My gynecologist and primary care physician had both urged me to take the pill, the former because I complained of terrible cramps and the latter because, I’m guessing, I was a female in her early 20s, and she thought it was unlikely that I would remain a virgin much longer. When Husband and I had started dating, way back in high school, we agreed that we wanted to wait until marriage to have sex. We always knew that we’d made the right decision, but it certainly wasn’t always easy. Fortunately, we were both committed to that choice to wait, and when one of us wavered, the other kept strong, and we actually made it to our wedding night!

However, at my last doctor’s appointment before our wedding, I told my doctor that we were getting married, so I guessed that I needed to go on the pill. She didn’t object and even wrote me a prescription for the brand I suggested because I knew my sister used it. I started taking it, and it did help my terrible cramping a lot, and it was also cool to know exactly when my next period would arrive. My very unpredictable cycles never evened out after puberty the way that my mom and various medical professionals told me they would, so it was a relief not to be caught unawares.

Right around that time, Husband and I went to the pre-marriage conference that the diocese requires engaged couples to attend. A couple in their sixties, I’d say, gave the witness talk about NFP. They talked about how the wife had suffered many miscarriages after their first two children were born, and she’d been told that if she had another one she’d likely die.

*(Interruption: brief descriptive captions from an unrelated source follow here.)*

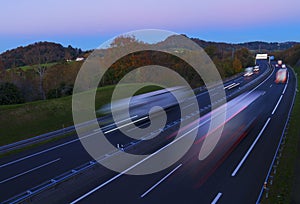 Truck traffic. Truck traffic on the AP-1 highway, Euskadi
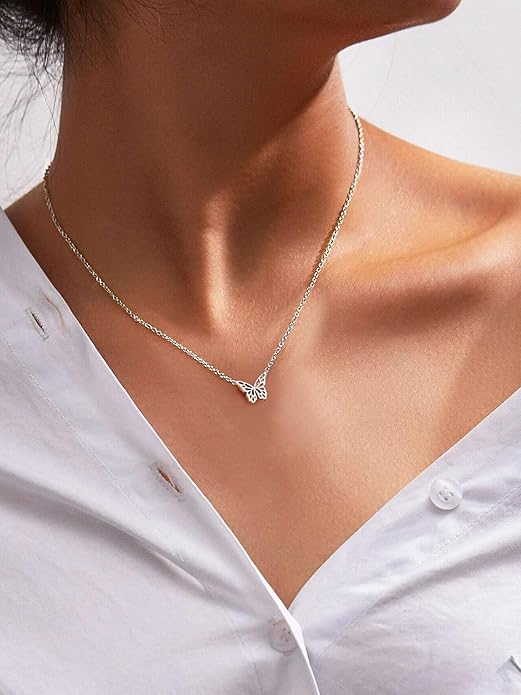 ChicSilver Personalized 925 Sterling Silver Dainty Small Heart/Star/Moon/Dot/Triangle Pendant Necklace for Women, Silver/Gold/Rose Gold/Black (with Gift Box)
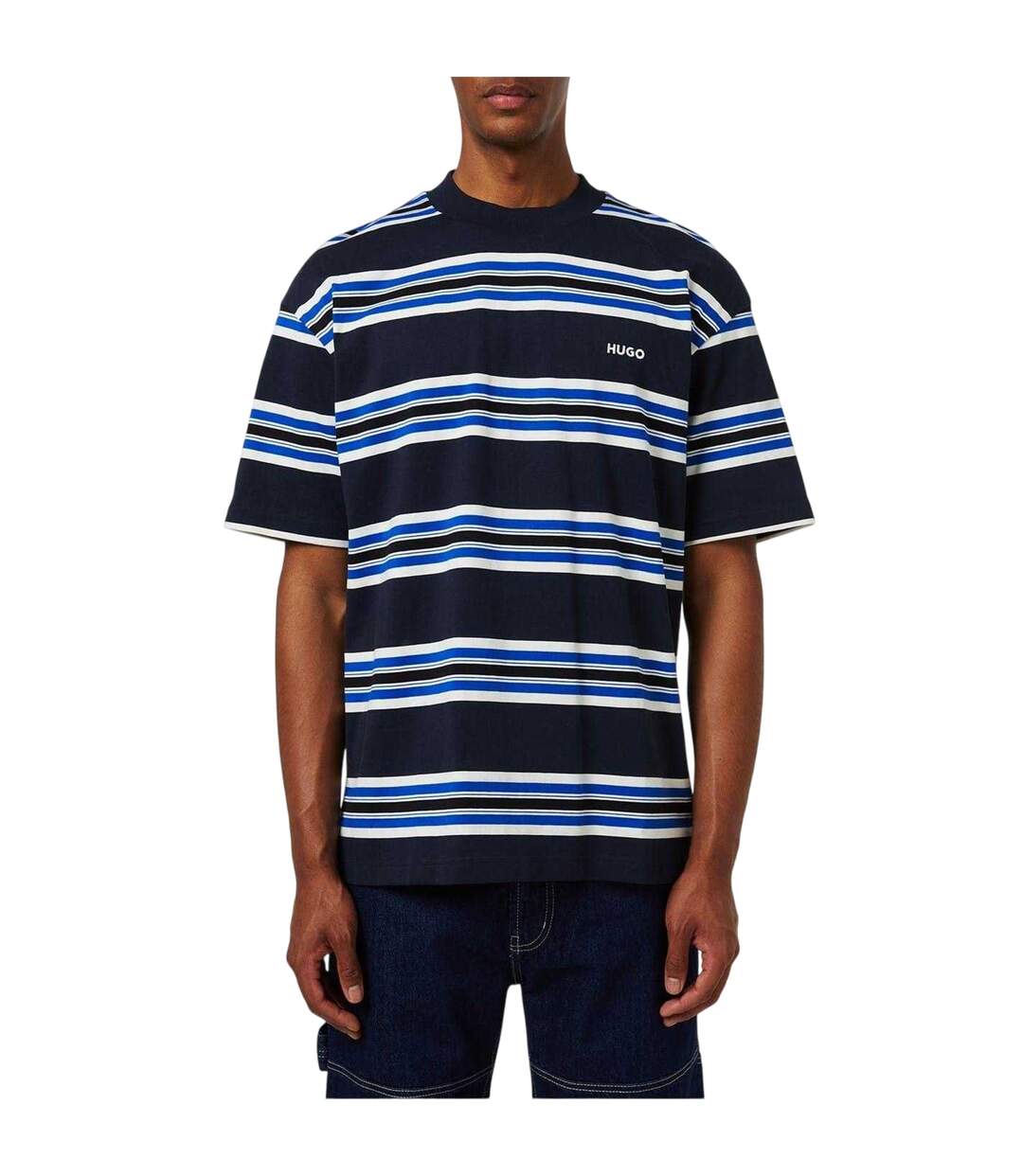 T-shirt Motif/style À Rayures Natinolo Homme Bleu Foncé Hugo-3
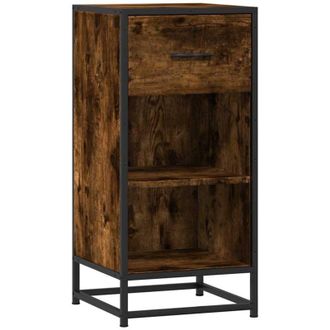 vidaXL Vidaxl - Aparador Madera Ingenier&iacute;a Y Metal Roble Ahumado 35,5x35x76 Cm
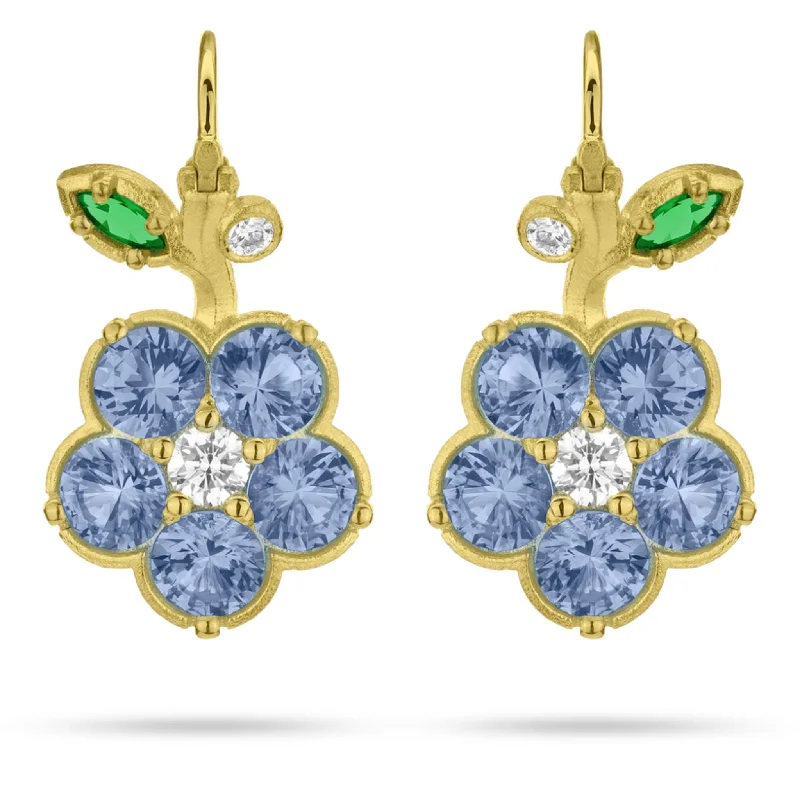 nature-themed apex ridge earrings-Paul Morelli Blue Sapphire Wild Child Drop Earrings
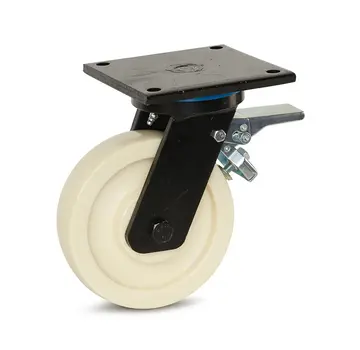 MESO Rueda giratoria de nylon extra resistente frenada con placa superior - 200mm - 1.300kg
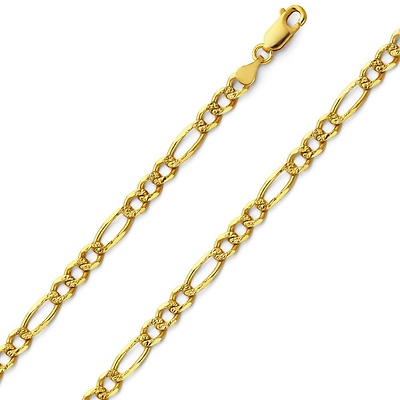 4mm 14K Yellow Gold Pave Figaro Link Chain Necklace 18-24in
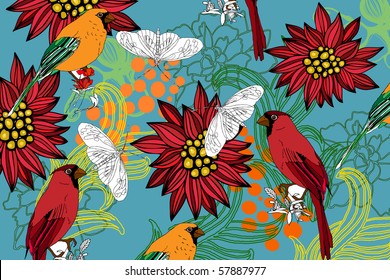 flower and bird
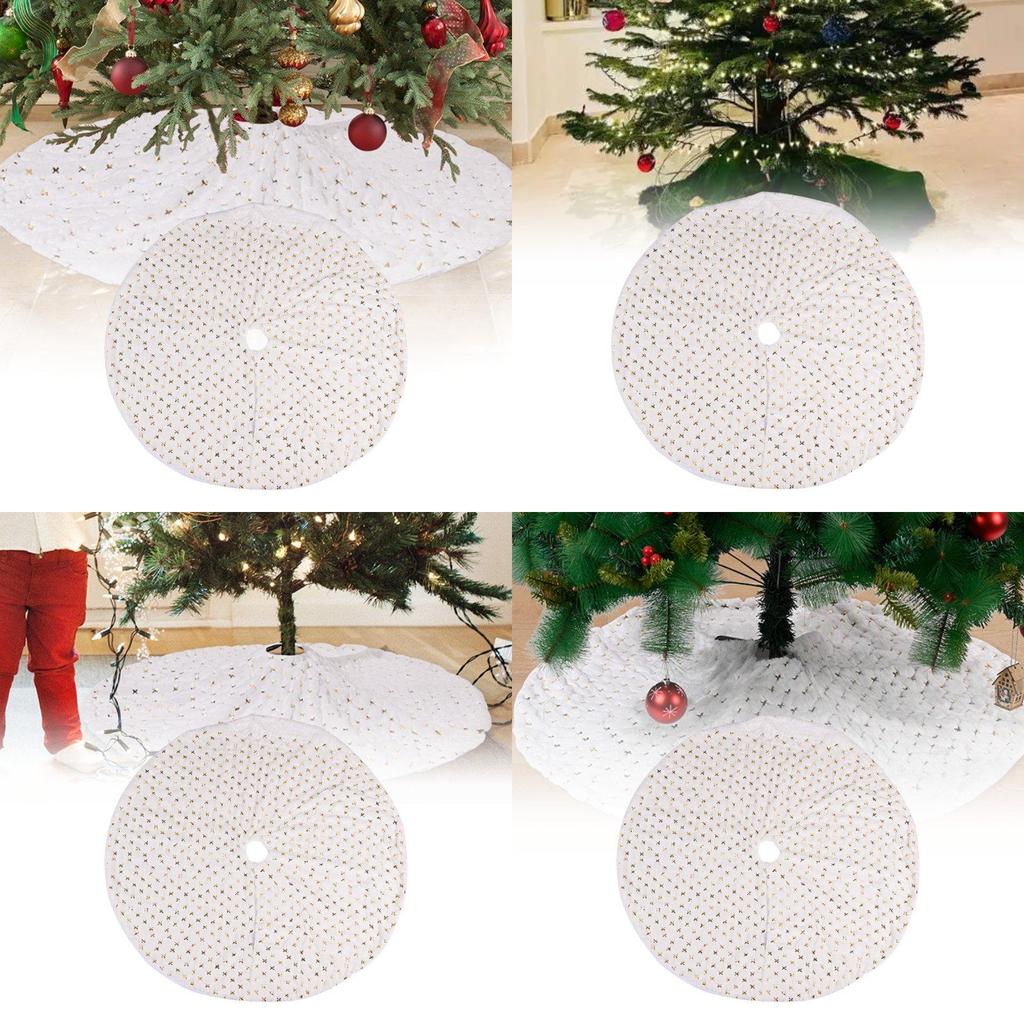 Elegant Shimmering Silver Sequin Christmas Tree Skirt 116cm For Festive Celebrations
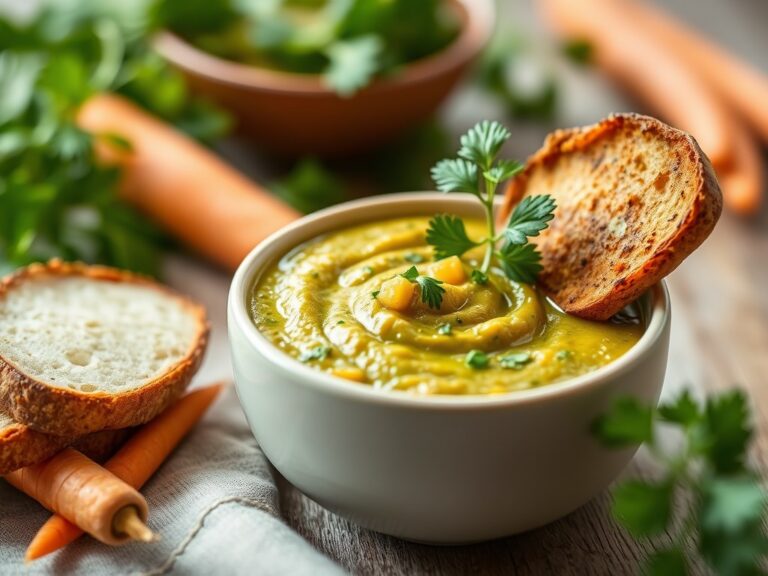 Pesto-doperwtjessoep — AI-gegenereerde illustratie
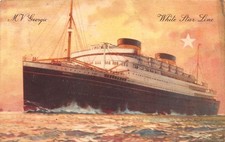 Postcard M.V. Georgic White Star Line Liner Ship C1932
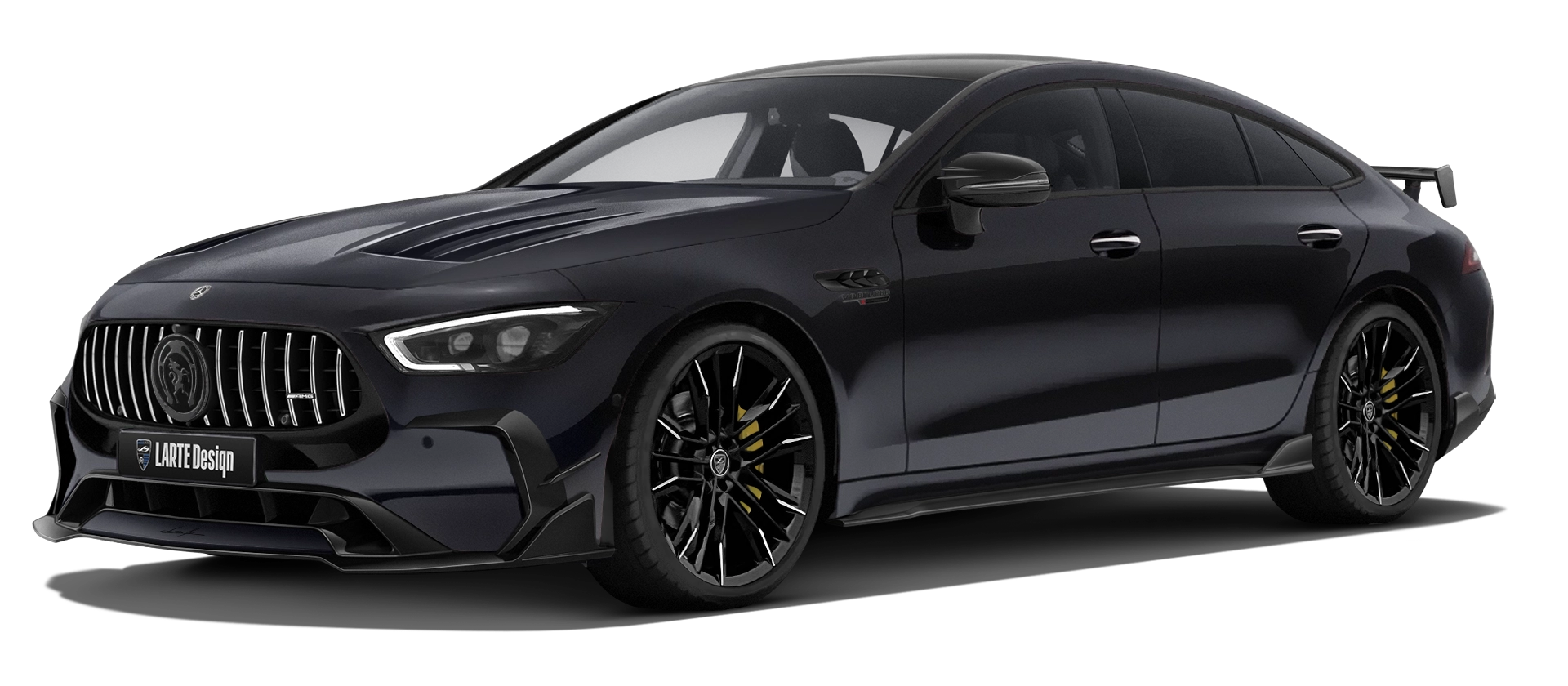 MERCEDES GT 63 X290 FACELIFT 2024 - 2026 with painted body kit: front view shown in Obsidian Black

So she went on the pill. They mentioned it to a priest friend, and said they were glad they were exempt from the requirement not to use contraception, since she had a life-threatening condition. The priest told them that there was no exemption, not even for a situation like this. They decided to go back to using NFP (I don’t know what form), and abstained very conservatively, adding a day onto each end of the time they thought she’d be fertile, just in case. They made it through their childbearing years, alive and still very much in love.

After hearing that story and learning about the abortifacient properties of hormonal contraceptives in particular, I realized that my reasons for being on the pill were not valid. If this woman could have DIED and still chose to follow the Church’s teaching, I needed to do that, too. I was horrified to think that we might have lost little babies because the pill was making my uterus a hostile place for them to implant. Husband and I took a walk outside and I cried, and he said we could do whatever I wanted. I remained on the pill the first six months we were married, until I found that I could order the CCL teaching kit to learn at home. I went off the pill right away, three years ago now, and truly have never looked back.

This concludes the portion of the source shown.